The house has a bright, Mediterranean feel, crisp, white walls, a flat-topped roof, planters spilling with colorful flowers, and beyond the end of the garden, field after field swooping right and left in diminishing shades of green and brown all the way down to the sea.
I knock and wait.
After a while a woman appears behind the frosted glass in the middle of the door, but after trying the handle unsuccessfully a few times, she melts away again.
‘It’s locked, June. Where’s the key?’ she shouts.
I wait some more.
Eventually the garden gate opens and she peers round the side.
‘What do you want?’ she says.
‘I’m Jim, from the Rapid Response Team at the hospital. Come to see June.’
‘Oh. All right then. I suppose you’d better come in.’
I follow her through the gate and into the house via the kitchen.
‘It’s someone from some kind of team. At the hospital. He says he wants to see you,’ she says.
Who is it?’
June is sitting in an armchair with a commode to her right and a zimmer frame in front. The commode is doubling as a table, with a brown towel draped over the seat and the controls to June’s riser-recliner strategically placed on top.
I introduce myself again and shake her hand.
‘Just a flying visit to change the rubber ends on your frame’ I tell her. ‘Nothing to worry about.’
She relaxes back in the chair.
‘How are you feeling today?’ I ask her, putting the frame on its side and pulling off the ferrules.
‘No better,’ she says, lacing her hands over her tummy. ‘Steadily getting worse.’
‘I’m sorry to hear that, June. Anything particular today?’
‘Everything. My walking. I can’t get about like I used to.’
‘Shall I have a quick look at your notes…?’
‘Be my guest. If you can understand any of it.’
June’s condition is well documented. The District Nurses are case managing. Once the new ferrules are on, the plan is to discharge back to them.
‘It’s so hot today,’ she says, fanning herself with a leaflet about care alarms. ‘Don’t you think?’
‘Ye-es. It’s been a terrible summer,’ says the other woman, sitting on the opposite armchair, putting a large handbag on her lap and rummaging around in it.
‘There was all that rain.’
‘D’you know, I can’t even remember the rain…’
‘There was rain,’ says June, nodding gravely. ‘It’s been a very bad summer.’
‘You live in a lovely part of the world,’ I say, setting her frame upright again.
‘Too hilly.

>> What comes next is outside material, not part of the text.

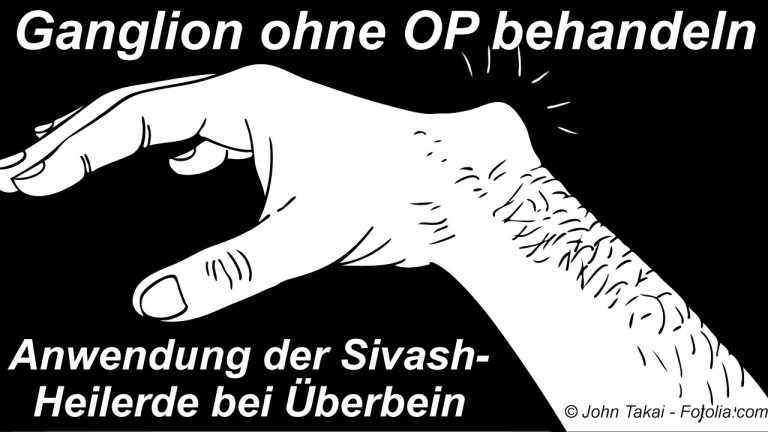 Ganglion ohne Operation mit Heilerde natürlich behandeln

Shall I try it out?’
‘If you like.’
She stands and hefts the frame expertly.
‘Better,’ she says, ‘Definitely better. What do you think, Maureen?’
‘Oh yes,’ says Maureen. ‘I preferred you better with the stroller, though.’
‘The stroller,’ says June. ‘Now that was good. You could sit down on that. But it went for a burton like everything else and now look.’
She sits down again.
I start writing a note in the folder.
Maureen has found what she was looking for in her bag: a £100,000 scratch card, and a coin to rub it with.
‘I always thought I’d like to live in a hot country,’ I say. ‘But we went to Italy on holiday this year and you know what, after a few days I seriously wondered whether I could. I mean – it was so hot…’
‘The earthquake,’ says Maureen. ‘That was dreadful.’ And she starts rubbing furiously at the scratch card with the coin.
‘It’s all there is in the news these days,’ says June. ‘Terrible things all the time. I don’t know what’s happening to the world…’
‘Well, I suppose there’ve always been earthquakes…’
‘…wars, politics, people starving to death, horrible accidents…’
‘I know. It’s bad sometimes.’
‘It is bad.’
‘But looking on the bright side…’
Maureen  purses her lips, gives the scratch card a blow, then holds it up to the light.